All, I'd like to propose something... When I get my tirpitz finished & battled(I would do this with my karlsruhe if I had thought of it before taking it apart to salvage a few expensive components for the tirpitz)I am going to make a "walkthrough" that takes the ship apart from bow to stern and puts her back together, noting especially things that worked well and things that didn't or ideas/methods that were rejected as far as construction techniques. I think a few of these if properly detailed would greatly aid the newcomer (and give us old farts new ideas), especially if we had various writeups from the various different rulesets. Anyways, I plan on doing this in the mid summer timeframe (after battling successfully and working out the bugs) and I would like to encourage anyone else so inclined to do so as well with ample pictures. I think their value for recruiting alone would be immense.
My goal is for this to be more than a how to. It will be more of a warship specific writeup on layout (how it was done) neat stuff one did, what one did that works and what doesn't. one reason that I am throwing this out here is that I try to do something novel (sometimes more than one thing) on every single ship I build, which makes them a bit more complicated sometimes than a beginner would want to tackle. (For example, I have moved to using brushless motors for propulsion due to the efficiency advantages, torque advantages, bearing replacement advantages (e.g. one can), lack of brushes to corrode away, etc. I would not recommend someone do that unless they need/want the space, current, etc advantages and have some aeroplate around)

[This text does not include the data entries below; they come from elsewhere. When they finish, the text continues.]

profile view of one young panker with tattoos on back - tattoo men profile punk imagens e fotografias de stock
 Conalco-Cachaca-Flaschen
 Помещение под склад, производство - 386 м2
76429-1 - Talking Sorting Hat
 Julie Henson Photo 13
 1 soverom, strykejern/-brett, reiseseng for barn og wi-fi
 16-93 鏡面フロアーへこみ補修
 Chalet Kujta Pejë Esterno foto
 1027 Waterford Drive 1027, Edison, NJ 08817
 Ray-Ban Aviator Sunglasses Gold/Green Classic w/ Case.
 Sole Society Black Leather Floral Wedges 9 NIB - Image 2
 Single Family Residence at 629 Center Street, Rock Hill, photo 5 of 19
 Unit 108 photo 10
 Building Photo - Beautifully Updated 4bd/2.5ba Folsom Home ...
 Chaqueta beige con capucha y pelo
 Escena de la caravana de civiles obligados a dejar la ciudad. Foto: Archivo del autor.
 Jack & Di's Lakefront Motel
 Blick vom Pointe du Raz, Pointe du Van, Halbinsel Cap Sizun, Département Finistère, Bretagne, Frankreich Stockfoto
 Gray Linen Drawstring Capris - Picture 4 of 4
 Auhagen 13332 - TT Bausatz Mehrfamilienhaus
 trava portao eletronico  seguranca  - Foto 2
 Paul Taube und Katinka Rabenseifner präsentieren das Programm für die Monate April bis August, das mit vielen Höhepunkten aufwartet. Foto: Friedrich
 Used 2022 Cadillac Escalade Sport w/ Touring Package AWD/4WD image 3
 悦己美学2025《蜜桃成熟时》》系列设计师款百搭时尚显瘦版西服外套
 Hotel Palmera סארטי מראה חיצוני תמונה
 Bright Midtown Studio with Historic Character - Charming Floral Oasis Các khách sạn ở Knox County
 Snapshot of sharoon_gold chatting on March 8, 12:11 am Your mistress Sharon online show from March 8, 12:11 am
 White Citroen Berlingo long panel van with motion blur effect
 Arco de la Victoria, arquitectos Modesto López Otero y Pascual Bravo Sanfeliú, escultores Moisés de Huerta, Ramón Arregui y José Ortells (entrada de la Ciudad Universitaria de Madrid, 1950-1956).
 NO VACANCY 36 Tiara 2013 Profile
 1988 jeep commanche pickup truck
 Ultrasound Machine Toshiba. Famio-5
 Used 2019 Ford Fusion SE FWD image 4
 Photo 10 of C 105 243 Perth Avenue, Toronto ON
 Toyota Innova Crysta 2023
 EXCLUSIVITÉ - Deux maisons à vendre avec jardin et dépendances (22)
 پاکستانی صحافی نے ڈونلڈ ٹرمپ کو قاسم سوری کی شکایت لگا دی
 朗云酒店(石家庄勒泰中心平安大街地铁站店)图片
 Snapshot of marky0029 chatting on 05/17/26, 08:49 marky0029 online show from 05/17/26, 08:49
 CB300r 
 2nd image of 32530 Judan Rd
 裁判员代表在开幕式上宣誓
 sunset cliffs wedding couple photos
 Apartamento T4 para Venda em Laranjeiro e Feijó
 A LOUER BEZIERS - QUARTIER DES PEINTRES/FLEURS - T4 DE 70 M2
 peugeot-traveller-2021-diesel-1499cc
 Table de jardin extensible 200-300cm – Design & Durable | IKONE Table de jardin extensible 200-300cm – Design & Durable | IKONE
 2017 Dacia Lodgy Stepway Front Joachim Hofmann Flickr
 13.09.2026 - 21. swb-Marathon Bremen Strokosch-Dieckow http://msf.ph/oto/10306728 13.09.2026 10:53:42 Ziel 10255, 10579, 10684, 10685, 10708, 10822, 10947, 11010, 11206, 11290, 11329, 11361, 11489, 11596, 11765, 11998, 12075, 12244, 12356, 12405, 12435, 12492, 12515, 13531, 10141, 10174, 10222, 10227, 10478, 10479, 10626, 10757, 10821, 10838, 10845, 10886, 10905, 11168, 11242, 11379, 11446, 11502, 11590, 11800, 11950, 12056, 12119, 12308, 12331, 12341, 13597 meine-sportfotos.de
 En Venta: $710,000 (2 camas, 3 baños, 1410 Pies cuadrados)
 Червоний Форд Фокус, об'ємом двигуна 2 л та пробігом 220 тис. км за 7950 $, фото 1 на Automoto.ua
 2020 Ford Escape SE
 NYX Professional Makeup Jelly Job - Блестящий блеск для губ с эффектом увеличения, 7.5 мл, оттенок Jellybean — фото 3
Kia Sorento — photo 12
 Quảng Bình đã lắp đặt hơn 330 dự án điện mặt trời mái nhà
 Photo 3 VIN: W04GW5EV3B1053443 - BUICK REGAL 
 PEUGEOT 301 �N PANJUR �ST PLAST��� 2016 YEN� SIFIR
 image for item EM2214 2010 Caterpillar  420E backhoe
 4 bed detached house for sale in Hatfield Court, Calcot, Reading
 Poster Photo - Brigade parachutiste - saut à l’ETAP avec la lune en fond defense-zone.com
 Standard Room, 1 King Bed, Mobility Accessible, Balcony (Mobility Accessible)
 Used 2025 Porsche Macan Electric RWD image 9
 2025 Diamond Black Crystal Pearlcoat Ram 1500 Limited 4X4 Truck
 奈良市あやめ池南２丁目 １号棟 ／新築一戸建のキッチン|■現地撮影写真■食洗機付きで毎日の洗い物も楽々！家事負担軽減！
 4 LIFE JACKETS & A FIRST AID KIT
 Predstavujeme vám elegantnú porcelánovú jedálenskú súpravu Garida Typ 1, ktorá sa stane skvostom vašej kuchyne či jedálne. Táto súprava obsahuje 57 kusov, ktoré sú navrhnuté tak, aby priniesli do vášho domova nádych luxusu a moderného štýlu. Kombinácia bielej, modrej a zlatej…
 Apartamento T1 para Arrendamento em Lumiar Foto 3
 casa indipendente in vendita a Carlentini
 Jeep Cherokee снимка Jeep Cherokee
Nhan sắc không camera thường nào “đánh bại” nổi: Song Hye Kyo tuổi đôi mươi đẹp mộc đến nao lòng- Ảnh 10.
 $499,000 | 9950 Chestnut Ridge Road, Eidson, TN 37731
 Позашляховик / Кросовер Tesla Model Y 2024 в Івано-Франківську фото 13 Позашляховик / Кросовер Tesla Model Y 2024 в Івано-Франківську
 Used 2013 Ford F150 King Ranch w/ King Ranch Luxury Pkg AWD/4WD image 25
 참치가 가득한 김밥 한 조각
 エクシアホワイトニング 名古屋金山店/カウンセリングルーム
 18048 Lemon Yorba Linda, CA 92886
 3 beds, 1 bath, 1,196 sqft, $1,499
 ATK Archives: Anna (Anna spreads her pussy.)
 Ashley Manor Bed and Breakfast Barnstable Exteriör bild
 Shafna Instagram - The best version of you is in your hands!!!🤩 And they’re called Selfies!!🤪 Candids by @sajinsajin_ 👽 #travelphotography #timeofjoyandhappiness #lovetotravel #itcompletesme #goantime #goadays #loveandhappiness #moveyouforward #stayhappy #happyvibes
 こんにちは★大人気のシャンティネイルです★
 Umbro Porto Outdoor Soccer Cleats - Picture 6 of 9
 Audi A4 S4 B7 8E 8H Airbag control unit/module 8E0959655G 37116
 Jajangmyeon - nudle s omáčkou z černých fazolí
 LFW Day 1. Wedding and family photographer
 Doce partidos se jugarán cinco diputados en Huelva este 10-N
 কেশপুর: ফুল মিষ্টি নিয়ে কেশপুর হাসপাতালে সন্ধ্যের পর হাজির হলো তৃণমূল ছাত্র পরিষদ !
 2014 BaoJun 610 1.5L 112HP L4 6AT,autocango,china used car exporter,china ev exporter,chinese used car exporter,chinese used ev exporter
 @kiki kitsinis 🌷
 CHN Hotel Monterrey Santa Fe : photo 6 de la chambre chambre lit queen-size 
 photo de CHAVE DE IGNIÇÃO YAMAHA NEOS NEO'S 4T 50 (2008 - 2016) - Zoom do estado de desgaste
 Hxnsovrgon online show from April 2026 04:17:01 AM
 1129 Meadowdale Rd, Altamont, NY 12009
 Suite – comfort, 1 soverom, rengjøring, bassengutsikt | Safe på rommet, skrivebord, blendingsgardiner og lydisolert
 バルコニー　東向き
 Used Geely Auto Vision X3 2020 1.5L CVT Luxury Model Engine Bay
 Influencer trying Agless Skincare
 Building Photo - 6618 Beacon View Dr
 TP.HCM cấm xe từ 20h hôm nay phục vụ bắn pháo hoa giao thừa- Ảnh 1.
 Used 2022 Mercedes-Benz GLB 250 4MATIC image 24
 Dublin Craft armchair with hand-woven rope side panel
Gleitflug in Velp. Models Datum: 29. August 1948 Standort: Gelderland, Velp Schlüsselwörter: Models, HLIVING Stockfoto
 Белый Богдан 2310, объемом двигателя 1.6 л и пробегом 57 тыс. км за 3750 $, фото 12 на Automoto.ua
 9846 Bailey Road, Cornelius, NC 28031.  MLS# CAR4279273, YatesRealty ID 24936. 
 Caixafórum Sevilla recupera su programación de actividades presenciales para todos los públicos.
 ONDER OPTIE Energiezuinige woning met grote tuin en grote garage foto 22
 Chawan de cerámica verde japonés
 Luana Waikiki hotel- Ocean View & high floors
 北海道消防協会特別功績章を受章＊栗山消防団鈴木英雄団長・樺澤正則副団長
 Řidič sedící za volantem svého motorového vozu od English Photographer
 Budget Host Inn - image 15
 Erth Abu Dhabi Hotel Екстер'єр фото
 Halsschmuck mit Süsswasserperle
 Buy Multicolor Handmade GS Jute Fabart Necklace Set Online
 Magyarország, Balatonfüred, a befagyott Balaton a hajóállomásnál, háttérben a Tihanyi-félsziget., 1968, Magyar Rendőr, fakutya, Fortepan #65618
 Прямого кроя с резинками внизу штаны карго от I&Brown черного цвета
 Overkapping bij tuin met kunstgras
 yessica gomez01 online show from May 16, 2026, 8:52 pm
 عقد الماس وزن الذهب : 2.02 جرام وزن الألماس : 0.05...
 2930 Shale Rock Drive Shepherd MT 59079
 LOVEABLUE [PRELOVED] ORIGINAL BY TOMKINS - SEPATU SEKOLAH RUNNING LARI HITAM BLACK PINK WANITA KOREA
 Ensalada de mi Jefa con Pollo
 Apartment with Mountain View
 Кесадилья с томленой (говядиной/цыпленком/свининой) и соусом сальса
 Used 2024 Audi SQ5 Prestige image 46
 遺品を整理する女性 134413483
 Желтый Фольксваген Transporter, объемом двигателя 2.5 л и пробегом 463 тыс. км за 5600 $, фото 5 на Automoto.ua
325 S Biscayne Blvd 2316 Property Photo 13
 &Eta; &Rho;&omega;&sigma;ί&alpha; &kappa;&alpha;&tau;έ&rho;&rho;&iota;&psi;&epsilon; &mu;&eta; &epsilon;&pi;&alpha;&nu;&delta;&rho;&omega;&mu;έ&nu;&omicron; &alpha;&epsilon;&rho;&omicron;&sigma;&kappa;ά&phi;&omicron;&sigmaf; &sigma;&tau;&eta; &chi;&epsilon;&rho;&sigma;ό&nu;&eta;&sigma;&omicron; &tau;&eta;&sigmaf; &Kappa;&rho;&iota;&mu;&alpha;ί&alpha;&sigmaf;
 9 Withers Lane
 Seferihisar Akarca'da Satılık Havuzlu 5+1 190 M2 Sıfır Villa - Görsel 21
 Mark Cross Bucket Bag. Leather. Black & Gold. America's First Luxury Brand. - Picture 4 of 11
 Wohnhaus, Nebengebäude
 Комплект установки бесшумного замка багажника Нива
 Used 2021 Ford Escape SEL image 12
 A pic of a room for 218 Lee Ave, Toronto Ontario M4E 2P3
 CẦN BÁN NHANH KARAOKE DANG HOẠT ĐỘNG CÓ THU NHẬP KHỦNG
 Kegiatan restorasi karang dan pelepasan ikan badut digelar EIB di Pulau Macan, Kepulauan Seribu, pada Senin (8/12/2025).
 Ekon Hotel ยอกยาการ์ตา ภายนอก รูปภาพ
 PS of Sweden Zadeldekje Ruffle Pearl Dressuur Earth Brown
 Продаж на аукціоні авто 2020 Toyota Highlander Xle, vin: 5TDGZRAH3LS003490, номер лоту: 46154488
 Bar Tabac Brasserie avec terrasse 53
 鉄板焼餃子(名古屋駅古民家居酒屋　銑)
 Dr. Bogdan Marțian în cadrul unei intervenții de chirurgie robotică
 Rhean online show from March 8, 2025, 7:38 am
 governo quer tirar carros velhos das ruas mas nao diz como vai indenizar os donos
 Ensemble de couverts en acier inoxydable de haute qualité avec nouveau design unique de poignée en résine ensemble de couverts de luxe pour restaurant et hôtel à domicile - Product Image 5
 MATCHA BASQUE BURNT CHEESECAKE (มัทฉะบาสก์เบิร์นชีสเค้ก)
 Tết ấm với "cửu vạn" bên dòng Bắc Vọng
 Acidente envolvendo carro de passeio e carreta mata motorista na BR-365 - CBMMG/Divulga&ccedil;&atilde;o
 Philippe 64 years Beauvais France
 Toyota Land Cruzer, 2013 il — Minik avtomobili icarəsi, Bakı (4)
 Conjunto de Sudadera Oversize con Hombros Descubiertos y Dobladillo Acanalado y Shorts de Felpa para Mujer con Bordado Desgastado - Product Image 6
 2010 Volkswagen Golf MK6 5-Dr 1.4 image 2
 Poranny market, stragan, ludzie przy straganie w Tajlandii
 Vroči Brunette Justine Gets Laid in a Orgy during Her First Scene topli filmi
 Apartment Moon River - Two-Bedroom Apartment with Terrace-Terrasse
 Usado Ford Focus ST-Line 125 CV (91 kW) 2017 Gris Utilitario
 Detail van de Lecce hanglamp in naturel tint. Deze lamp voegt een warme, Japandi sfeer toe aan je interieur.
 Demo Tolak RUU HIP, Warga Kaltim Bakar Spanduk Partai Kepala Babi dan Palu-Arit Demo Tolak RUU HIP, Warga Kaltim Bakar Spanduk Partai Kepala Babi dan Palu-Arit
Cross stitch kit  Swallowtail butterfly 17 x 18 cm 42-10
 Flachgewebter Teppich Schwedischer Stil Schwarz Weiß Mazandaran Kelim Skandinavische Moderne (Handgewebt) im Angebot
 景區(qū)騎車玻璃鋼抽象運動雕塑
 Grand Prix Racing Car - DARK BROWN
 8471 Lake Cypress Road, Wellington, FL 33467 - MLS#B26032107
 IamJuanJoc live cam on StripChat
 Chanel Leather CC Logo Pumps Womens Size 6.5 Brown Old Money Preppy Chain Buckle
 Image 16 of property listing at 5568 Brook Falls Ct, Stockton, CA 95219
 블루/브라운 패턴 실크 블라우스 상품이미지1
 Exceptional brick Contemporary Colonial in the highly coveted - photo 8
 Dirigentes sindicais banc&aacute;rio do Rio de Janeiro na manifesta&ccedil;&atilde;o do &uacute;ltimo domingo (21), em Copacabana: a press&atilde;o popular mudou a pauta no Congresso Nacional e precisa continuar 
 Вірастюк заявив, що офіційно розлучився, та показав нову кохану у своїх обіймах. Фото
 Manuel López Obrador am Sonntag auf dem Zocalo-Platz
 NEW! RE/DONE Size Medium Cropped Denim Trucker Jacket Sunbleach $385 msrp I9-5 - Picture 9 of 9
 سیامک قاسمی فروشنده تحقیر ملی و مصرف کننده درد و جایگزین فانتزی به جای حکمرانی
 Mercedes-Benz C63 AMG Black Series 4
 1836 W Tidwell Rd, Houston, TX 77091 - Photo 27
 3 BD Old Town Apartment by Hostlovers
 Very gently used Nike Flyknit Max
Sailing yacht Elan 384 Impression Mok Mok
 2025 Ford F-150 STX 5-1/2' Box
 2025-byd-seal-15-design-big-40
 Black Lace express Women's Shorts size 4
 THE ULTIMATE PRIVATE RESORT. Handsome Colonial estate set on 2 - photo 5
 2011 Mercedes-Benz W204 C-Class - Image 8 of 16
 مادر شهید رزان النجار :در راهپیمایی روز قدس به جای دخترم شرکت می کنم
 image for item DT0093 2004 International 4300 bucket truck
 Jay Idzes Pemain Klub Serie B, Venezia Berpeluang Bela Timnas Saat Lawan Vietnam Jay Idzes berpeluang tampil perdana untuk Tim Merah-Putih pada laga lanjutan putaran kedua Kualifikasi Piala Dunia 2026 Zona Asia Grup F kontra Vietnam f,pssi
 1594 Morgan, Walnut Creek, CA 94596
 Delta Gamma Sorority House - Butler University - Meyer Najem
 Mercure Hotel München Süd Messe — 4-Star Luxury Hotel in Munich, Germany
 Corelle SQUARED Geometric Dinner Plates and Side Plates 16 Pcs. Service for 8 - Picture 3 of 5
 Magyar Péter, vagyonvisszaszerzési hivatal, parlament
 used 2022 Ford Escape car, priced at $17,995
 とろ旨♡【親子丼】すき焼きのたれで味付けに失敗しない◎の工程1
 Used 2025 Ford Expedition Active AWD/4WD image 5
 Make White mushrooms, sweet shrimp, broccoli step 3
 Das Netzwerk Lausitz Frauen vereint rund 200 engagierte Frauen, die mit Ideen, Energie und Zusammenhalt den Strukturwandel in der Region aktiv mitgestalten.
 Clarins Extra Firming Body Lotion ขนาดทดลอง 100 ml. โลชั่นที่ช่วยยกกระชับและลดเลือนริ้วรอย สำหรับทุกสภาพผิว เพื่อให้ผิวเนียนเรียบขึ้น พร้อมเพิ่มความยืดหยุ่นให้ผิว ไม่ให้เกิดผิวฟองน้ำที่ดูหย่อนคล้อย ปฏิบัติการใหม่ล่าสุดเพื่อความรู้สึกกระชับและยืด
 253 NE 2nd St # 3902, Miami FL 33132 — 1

Interesting idea. I should do that with Spahkreuzer and Luigi Cadorna. Show what parts of each work well, and what parts (mostly not done by me, and in the process of being replaced) don't work well. I think you guys would be impressed at how dirt-simple they both are. I spent a very long time figuring out how to get them them as simple (pronounced: reliable) and I'm still finding new ways to simplify. One of my friends always says "the complexity of design is in the simplicity of form." If you understand what that means, then you've got half the WWCC beat already.